In early 2010, Rivetti sold the C.P. Company brand to Italian entrepreneur Enzo Fusco and his company FGF Industry SpA in Montegaldo (Padua) after sales slumped, in order to be able to fully concentrate on the Stone Island brand and its expansion, especially in Germany. Since 2001 FGF Industry owns the exclusive license and distribution rights for the fashion division Blauer. USA of the US uniform manufacturer Blauer and, since 2012, the distribution license for the fashion brand Ten C. The new designer for C.P. Company was initially Fucso himself. The 2011 summer collection under new management was presented in June 2010 in Florence at the Pitti Uomo fashion fair with a focus on classics from past C.P. Company collections. Women’s fashion was discontinued – with the option of bringing it back into the range at a later date. Since the end of 2012, Italian Alessandro Pungetti and British Paul Harvey, former C.P. Company and Stone Island designers, have been acting as creative directors for C.P. Company. German distribution was managed by a Düsseldorf agency. In 2013, a C.P. Company boutique was opened in London, not far from the London Palladium, which is the only one still in existence today.

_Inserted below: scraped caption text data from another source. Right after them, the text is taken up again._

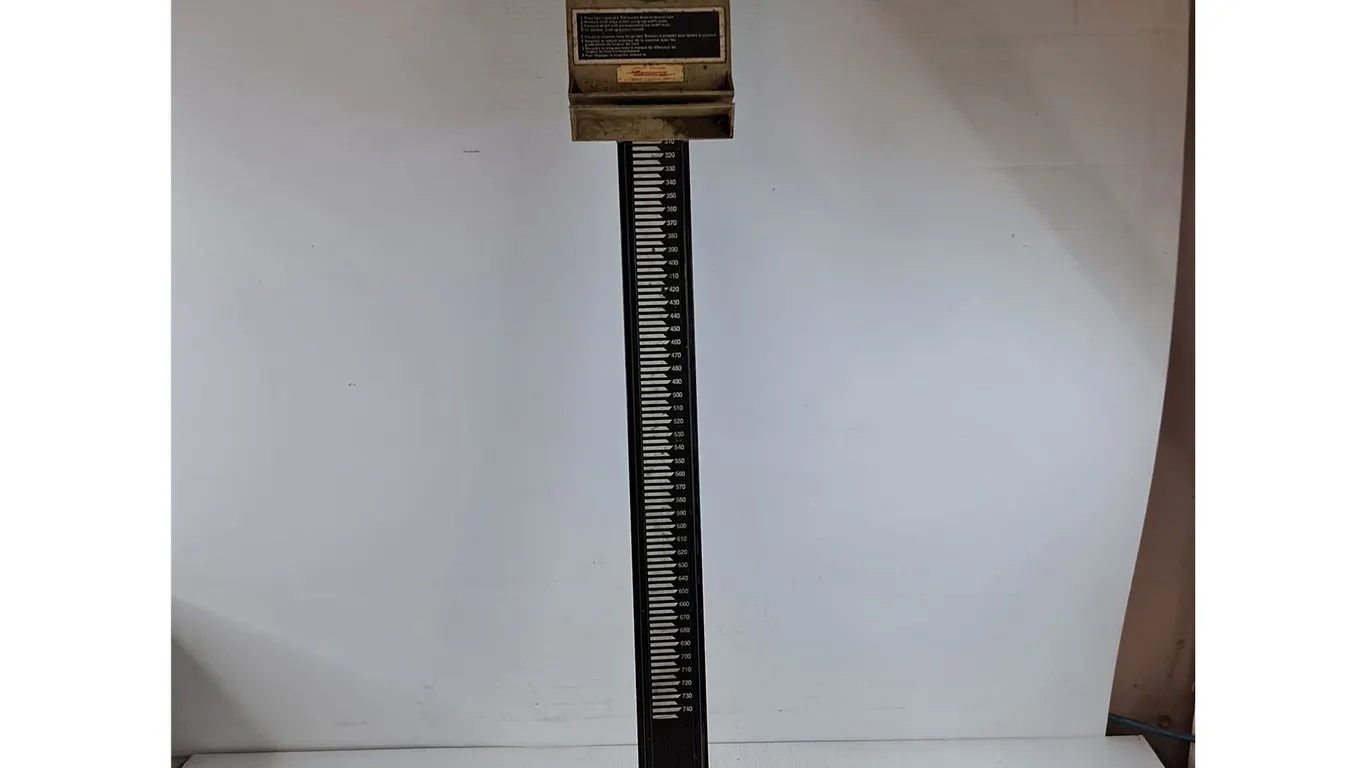 Vintage Selectomatic Fan Belt Measurer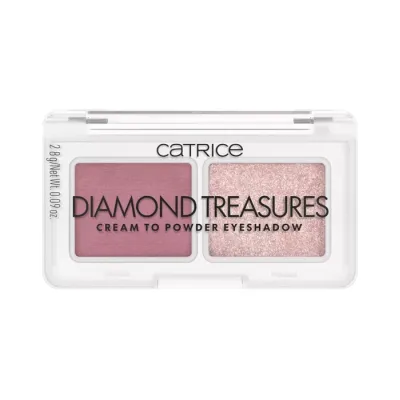 Catrice Diamond Treasures mini paletka cieni do powiek 020 Fairy Dust 2,8 g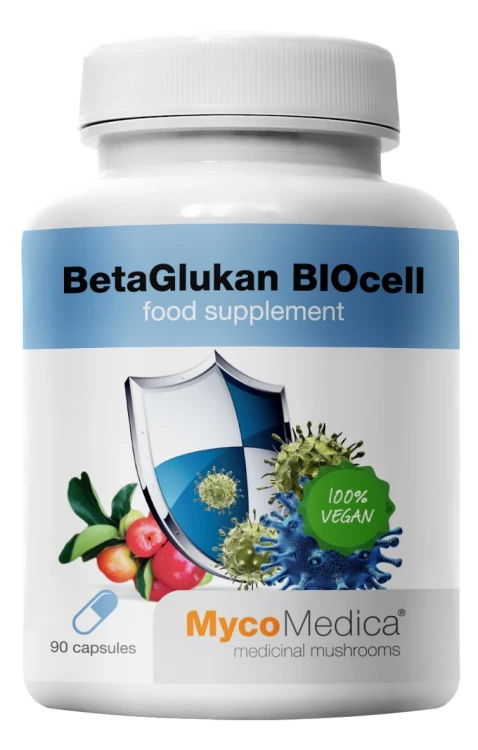 MycoMedica BetaGlukan BIOcell 90 kapsułek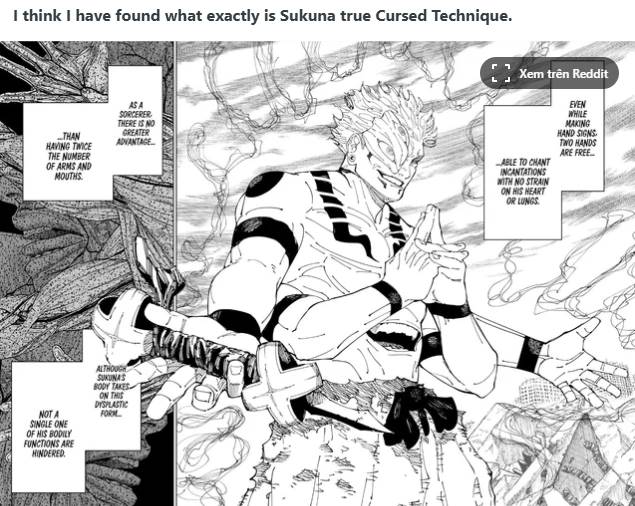 An individual has discovered a theory regarding Sukuna's cursed techniques. screenshot33 1746512513134146250728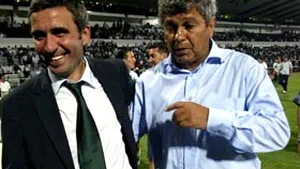 Lucescu: Hagi trebuie să fie susţinut şi încurajat ca antrenor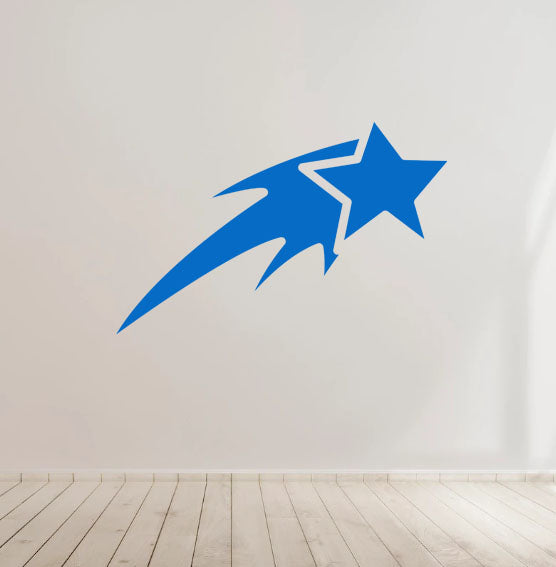 Shooting Star Vinyl Decal for Car laptop Window Bumper Wall Truck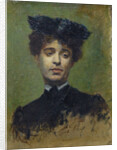 Portrait of Marie Lemasson, 1892 by Émile Bernard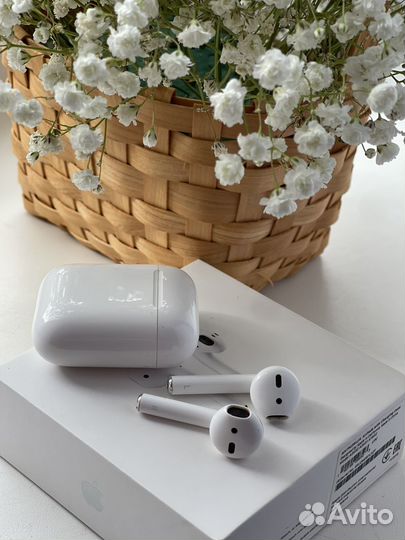 Наушники airpods 2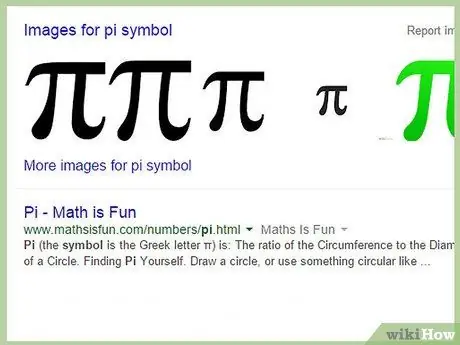 Typ het Pi-symbool Stap 14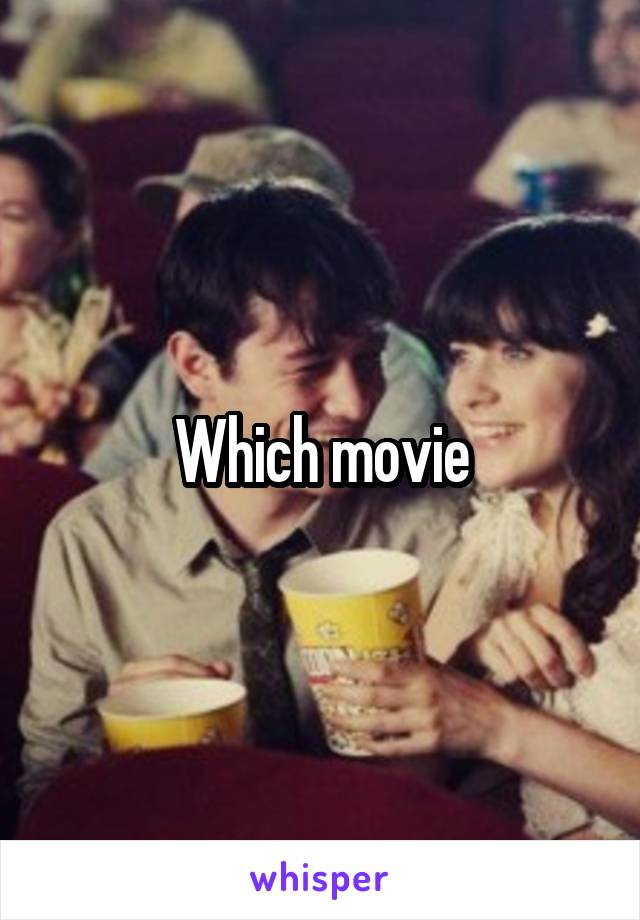 Which movie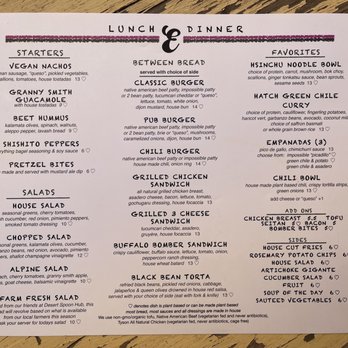 Eloise - Lunch & Dinner Menu 2022 - Cafes Near Me - El Paso, Texas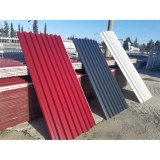 Panneau Sandwich Rouge / (Prix au m² Plaque)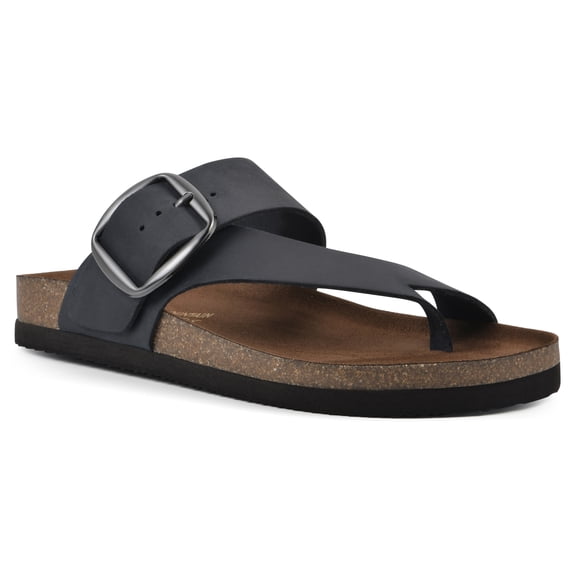 White Mountain Women's Harley Footbeds Sandal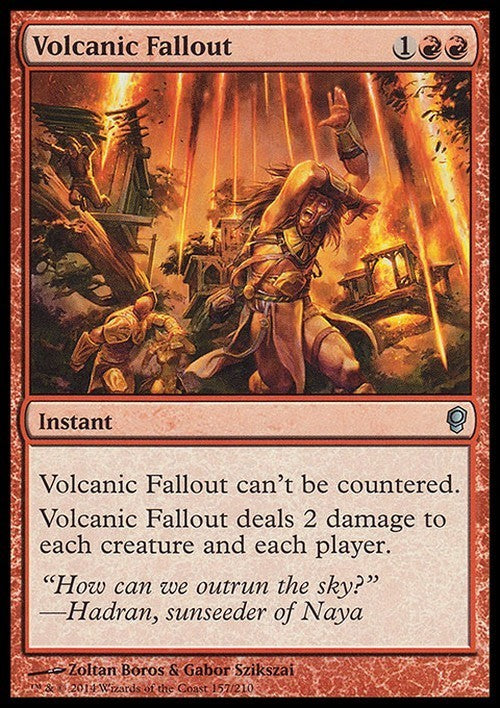 Volcanic Fallout ~ Conspiracy 1 [ Excellent ] [ Magic MTG ]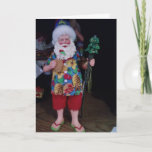 MY FAVORITE BEACH BUM CHRISTMAS HOLIDAY CARD<br><div class="desc">CUTE and so COOL to send to YOUR Favourite Beach Bum this Holiday Season :)</div>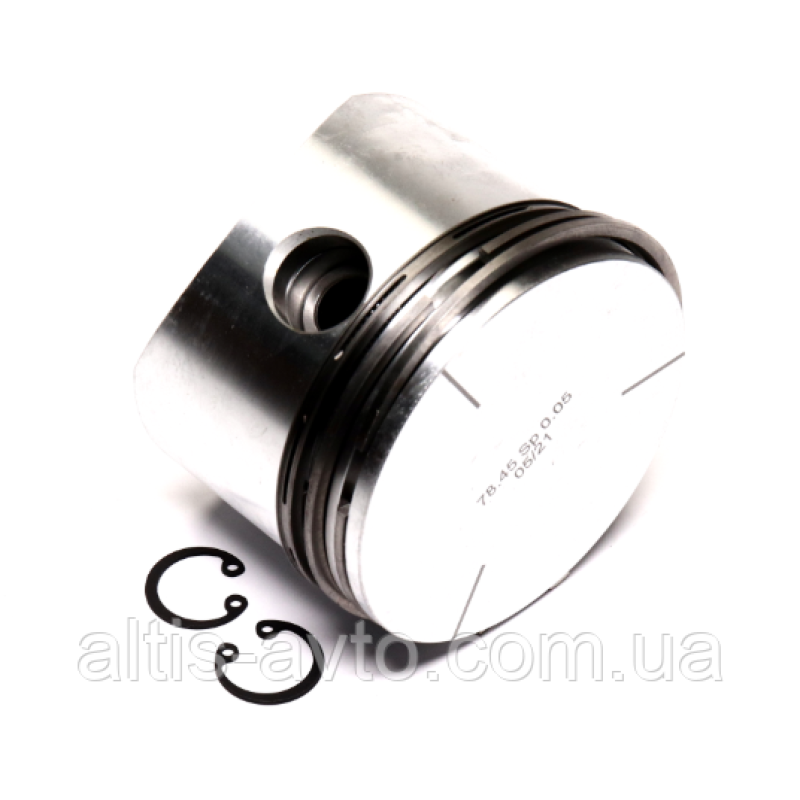 Поршень компрессора с кольцами 78.00mm (STD) KNORR, Renault Magnum, Premium, Midlum, Kerax (VADEN Поршень компрессора с кольцами 78.00mm (STD) KNORR, Renault Magnum, Premium, Midlum, Kerax (VADEN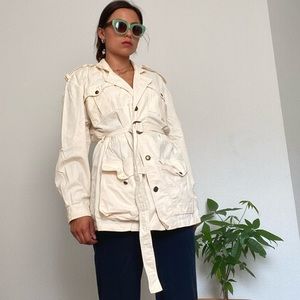 VINTAGE TRENCH COAT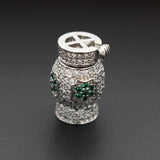 DIY Zircon Rhinestone Fastener Clasps for Bracelet Necklace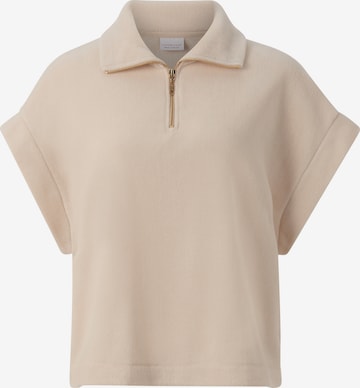 Rich & Royal - Jersey en beige: frente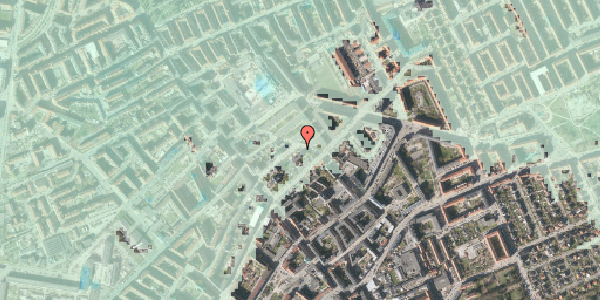 Stomflod og havvand på Reberbanegade 24, 2. 6, 2300 København S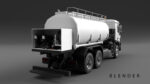 Mercedes ACTROS 4040-A 6x6 Fuel tank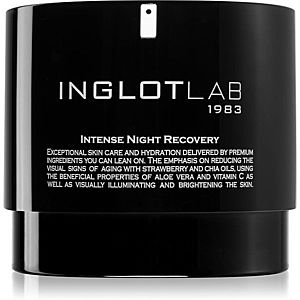 Inglot Lab Intense Night Recovery intenzívna nočná starostlivosť proti starnutiu pleti 50 ml vyobraziť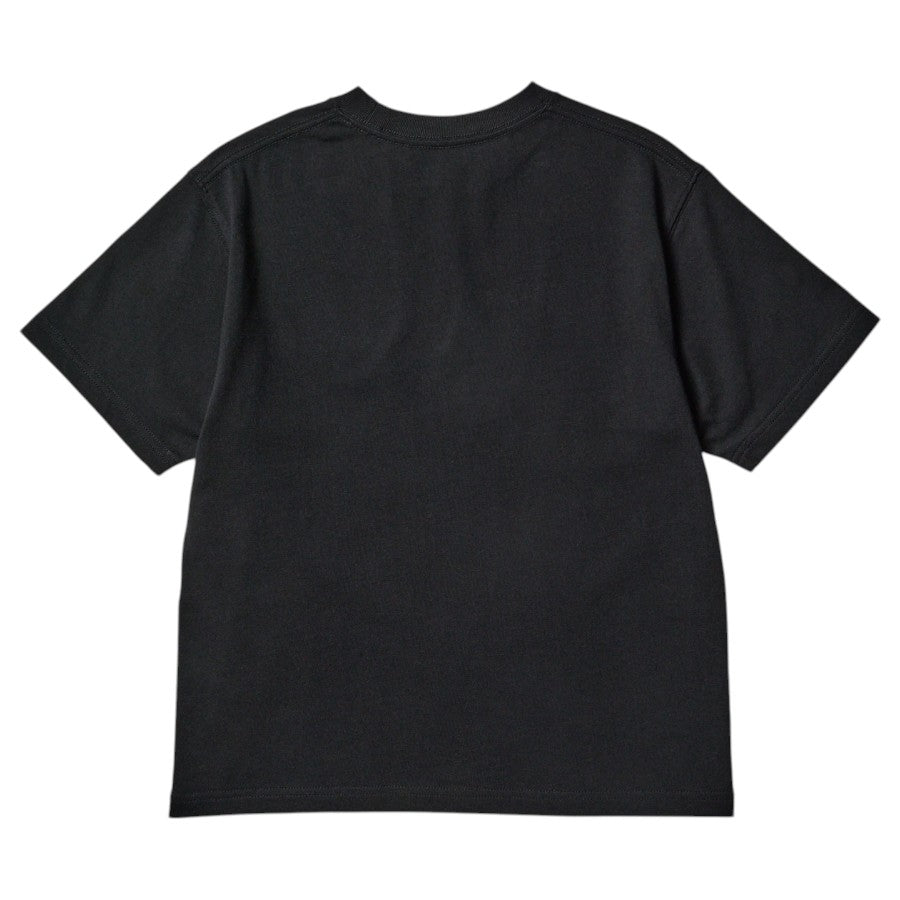 NEW ERA キッズTシャツ ブラック 背面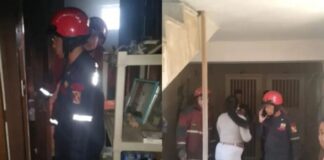 anciana falleció incendio Caracas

In November 2015, C.P. Company was acquired by Hong Kong-based Chinese textile manufacturer Tristate Holding Ltd. for €19.2 million. The sale of FGF to Tristate was masterminded by Massimo Osti’s son, Lorenzo Osti, who holds a 5% minority stake in the new C.P. Company and was hired as marketing director. The designers Pungetti and Harvey were acquired. C.P. Company’s 2014 sales were 9 million euros, 80% of which were generated outside Italy. In spring 2018, C.P. Company collaborated with adidas Originals and presented a collection of clothing and footwear in the signature style of the two brands. The CEO of Tristate Holding, Peter Wang, promoted Lorenzo Osti to Chairman of the Board of Directors (‘president’) of C.P. Company in spring 2019.
In addition to the C.P. Company flagship boutique in London, FGF Industry operated so-called FGF Stores for its corporate brands in Milan, Roma, Padua, Cortina d’Ampezzo, Olbia, San Teodoro (Sardinia) and Senigallia in the 2010s, where the C.P. Company collections were also offered. These stores were eventually transformed into Blauer.USA boutiques
Under the direction of Tristate, C.P. Company retail stores are operated in Milan (since 2019), London, Amsterdam (since 2020) and Beijing (2×); shops-in-shop exist in luxury department stores in Paris and Osaka. The C.P. Company stores in Korea continue to exist.
C.P. Company and Stone Island are still considered the most technologically advanced sportswear fashion labels in the industry.